While heterosexuality serves as a masculine tool for the perpetuation of what Cixous calls masculine economy, bisexuality is a mere reproduction of the masculine binary structure which impose rigid sexual roles, and prescribed sexual identities. She rather suggests a sexuality that goes beyond the separate definitions of male and female desires, which she calls the "other bisexuality", a third sex, who is not categorized as male or female, but is capable of becoming more than male or female. The other bisexuality, the "Other Sex" is beyond being feminine and masculine.

Female desire is intimate, and more in touch with the surroundings, and with one's body and desire. In contrast the status quo is based on a binary structure (Hegelian), that works in oppositions. This structure which she calls phallocentric is closed, it colonizes differences through which the synthesis is controlled. Phallogocentrism is the ideological machine that orders reality, history, philosophy, social structures, and everyday lives.The woman is positioned in this thought arrangement as passive. This thought system was foisted as the natural order of things, when in fact it is unnatural. Phallogocentricism exist and is maintained at the exclusion of the female --'there is no place for your desire in our State of affairs' (1991:67, as cited by Bray).

The emancipation of the female desire will according to Cixous, lead to the recognition, and circulation of a new worldview, and usher in female libidinal economy. Feminine economy is itself the gift. Here giving does not presuppose the transaction logic of phallocentric economy where a gift is given to get something in return (identity based on the other). As a mother gives birth to life without expecting something in return, so feminine economy is life-giving. In contrast masculine economy is death driven as it seeks to dominate, oppress, exploit, and use. Feminine as the end result of all social and political prescriptions in history, and the symbols appropriated for women, is capable of changing thought patterns, language, and social relations.
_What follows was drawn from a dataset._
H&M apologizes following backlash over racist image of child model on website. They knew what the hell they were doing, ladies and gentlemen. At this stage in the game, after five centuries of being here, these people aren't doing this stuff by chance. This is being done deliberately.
Femininity is therefore a socio-political stamp as well philosophical and linguistic assignation. Positively it also means the vitality which women exhibited in dealing with the repression of their desires. Hence, Cixous affirms Nietzche's positivity of the body, as a source of creativity. The repressed body of a woman bearing the marks of repression and prescriptions, is at the same time the source of dissident,and subversive energy. Going beyond equating femininity with alienation (Friedan, Wolf), Cixous argues that alienation (fragmentation, mechanization, distantiation) did not result in annihilation, but instead bestowed upon women the capacity to creatively live, transforming alienation into a gift.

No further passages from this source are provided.